Four drugs for cancer treatment were added to NLEM 2022, which was released on September 13. With the new inclusions, the NLEM now contains 63 drugs across antineoplastics, hormones and antihormones, and immunosuppressives to treat and support cancer patients and medicines used in palliative care for terminally ill patients.
Yet, oncologists and advocates for the rights of cancer patients say India may have passed up an opportunity to make many cancer treatment, currently priced beyond the reach of the majority of the people, more affordable and accessible.
This is because none of the newer classes of drugs and biologicals that are now available to treat cancer have been included in the list that is periodically prepared to meet the priority healthcare needs of the people.
The National Pharmaceutical Pricing Authority sets ceiling prices for drugs on the list, which are selected considering factors such as disease prevalence and public health relevance, evidence of efficacy and safety, and comparative cost-effectiveness.
Cancer crushes, financially too
According to the National Cancer Registry Programme report for 2021, almost 1.39 million new cancer cases were recorded in India in 2020 and more than 850,000 patients
succumbed to the disease.

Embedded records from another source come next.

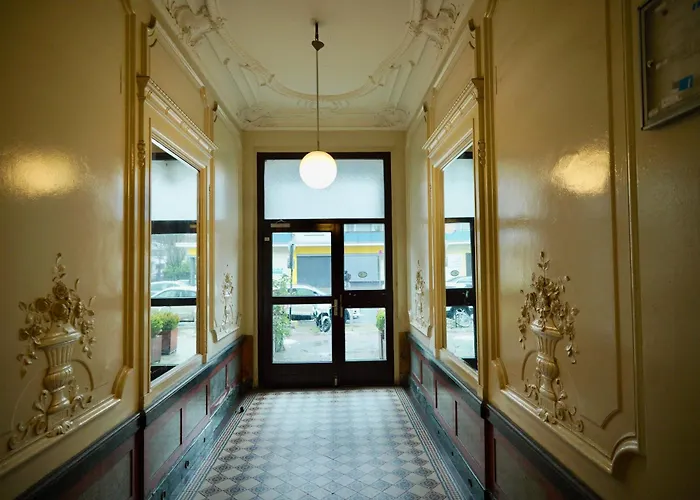Hotel Pension Bernstein Am Kurfuerstendamm Berlin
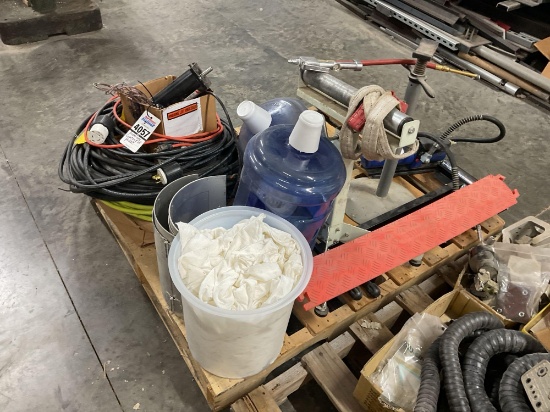 Pallet Lot, Support stands, Wire, Stain Rags, Water Jugs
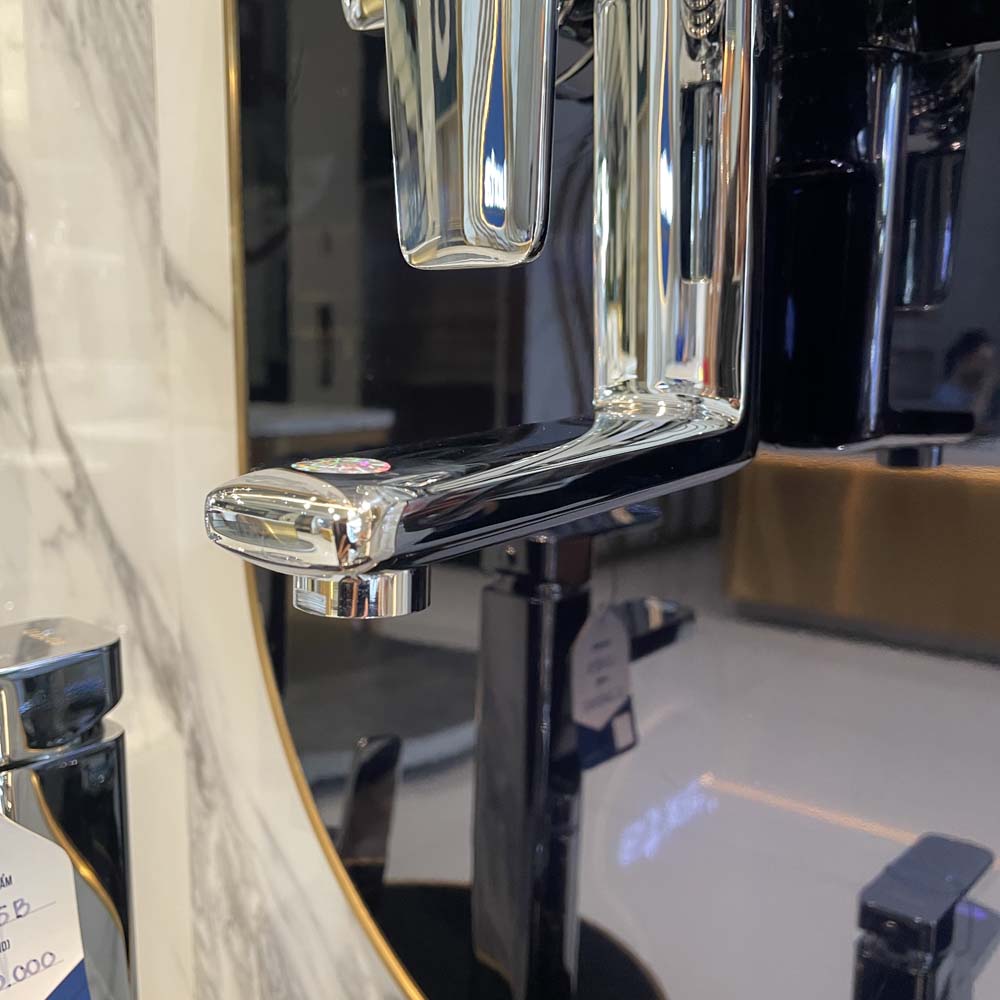 Bộ sen tắm cây đứng nóng lạnh Luxta L7229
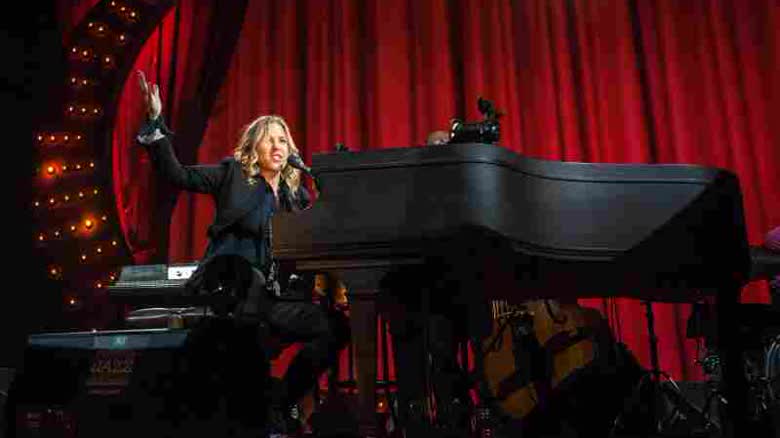 Diana Krall 在滿地可國際爵士音樂節演出。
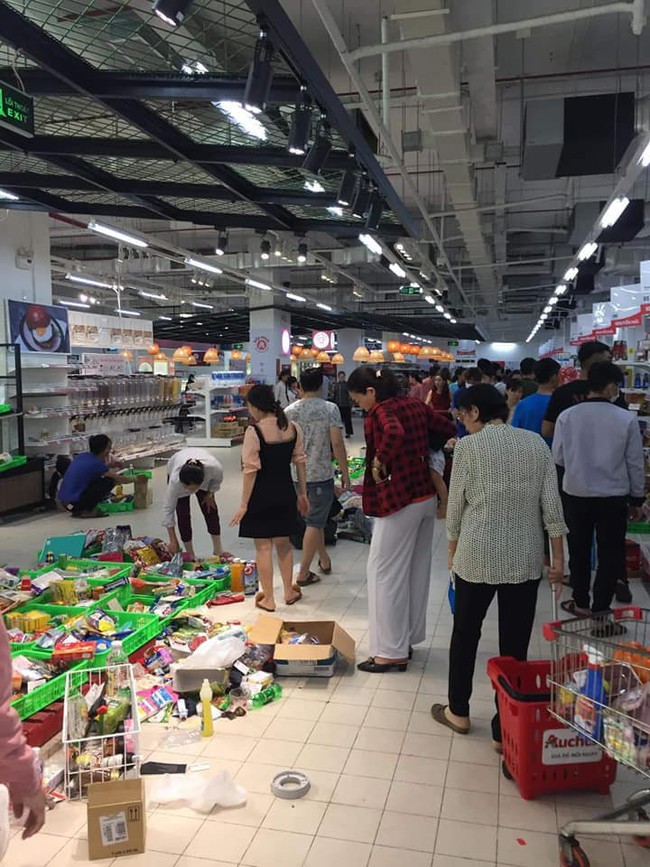 Siêu thị Auchan tháo khoán, người dân chen nhau mua sắm, uống nước, cắn dở cả trái cây rồi bỏ lại tại quầy - Ảnh 2.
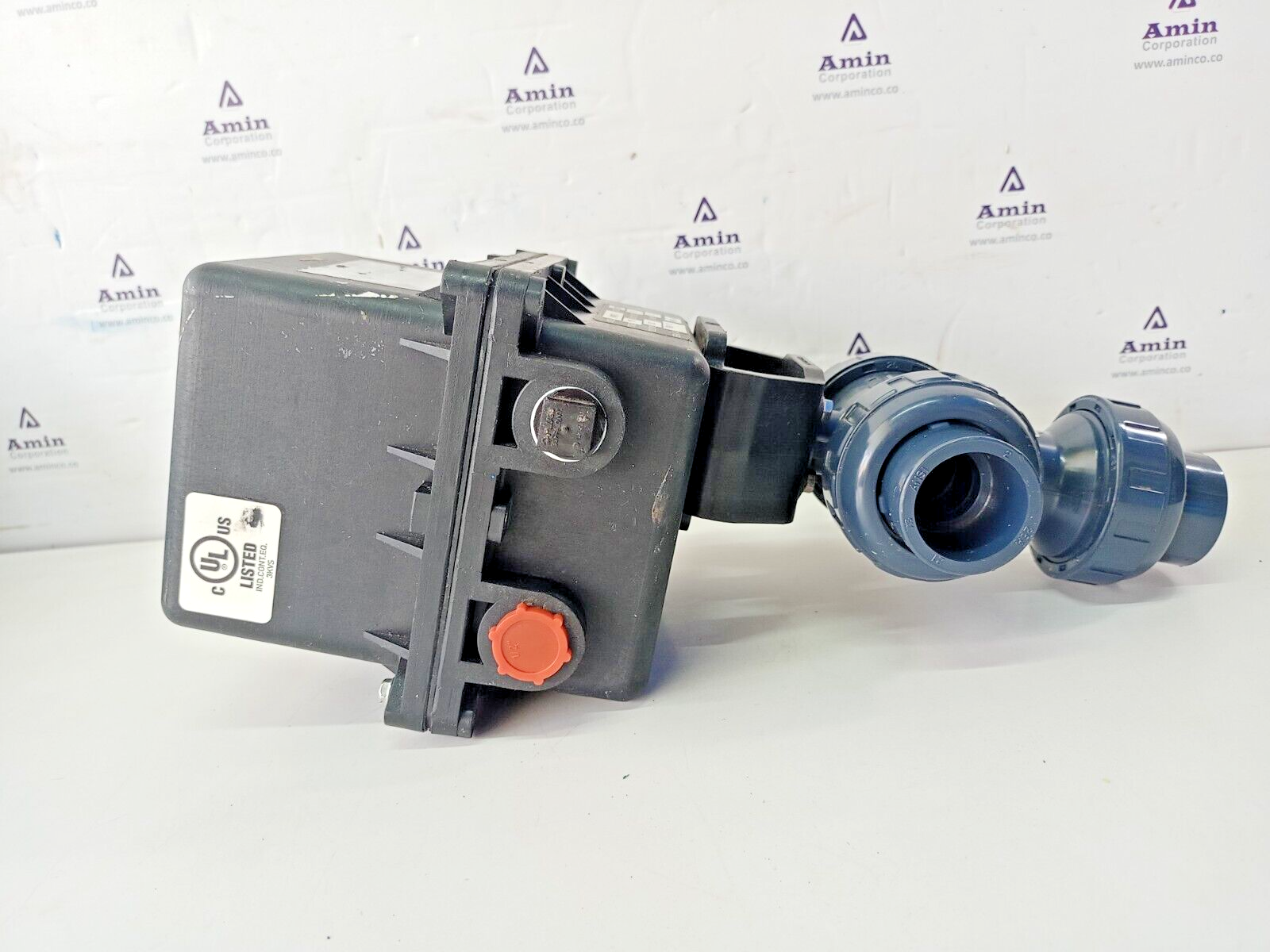 Quarter Master Asahi/America A94M2WJ Electric Actuator with Asahi 3-way valve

The burden of the disease in the country grows every year and is projected to reach a total of 29 million in 2025.
While it is widely established that out-of-pocket expenditure is the highest for cancer owing to its chronic nature and expensive treatment, a scientific analysis released last year by researchers associated with the All India Institute of Medical Sciences, Hrishikesh underlined just how bad it is.

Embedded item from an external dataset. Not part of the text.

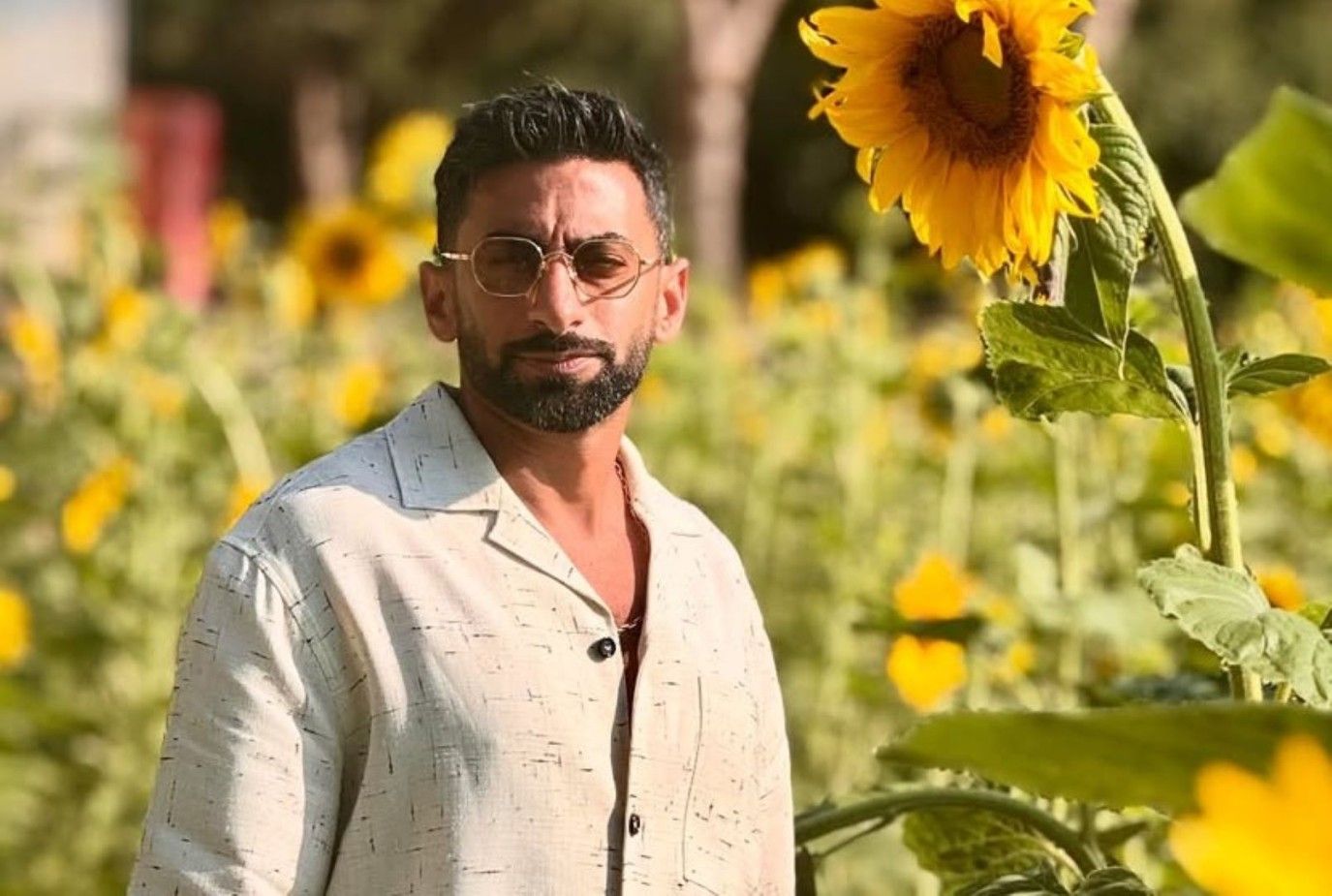 كنت هكون جواها.. أنس بوخش يروي تفاصيل مرعبة بعد احتراق سيارته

The study titled Out-of-Pocket, Catastrophic Health Expenditure and Distress Financing on Non-Communicable Diseases in India: A Systematic Review with Meta-Analysis showed that the percentage of cancer patients facing catastrophic health expenditure was 62.7 percent, which is drastically high.

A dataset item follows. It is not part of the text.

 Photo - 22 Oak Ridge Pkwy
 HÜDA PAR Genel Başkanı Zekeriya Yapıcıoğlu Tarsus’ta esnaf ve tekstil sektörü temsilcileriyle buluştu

According to the World Health Organization, health expenditure should be called catastrophic whenever it is 40 percent or more than the capacity to pay.
New cancer drugs in NLEM
The four major drugs included in the NLEM are used in the treatment of cancers of the prostate, blood, lymph node, pancreas and other organs. These medicines are from a list of 42 anti-cancer drugs whose trade margins were fixed by the NPPA a few years ago.
Dr Sachin Marda, senior consultant oncologist with Yashoda Hospitals in Hyderabad, welcomed the development in the backdrop of rising instances of cancers in India.
Dr Aju Mathew, an oncologist and cancer researcher from Kerala, said all four medicines are important anti-cancer medicines for certain types of common malignancies.
“We hope more medicines will be designated as essential medications in subsequent editions of NLEM,” he said.
Oncologist Dr Ravi Mehrotra, who previously headed the Indian Council of Medical Research’s National Institute for Cancer Prevention and Research, called the move a “game-changer in the making.”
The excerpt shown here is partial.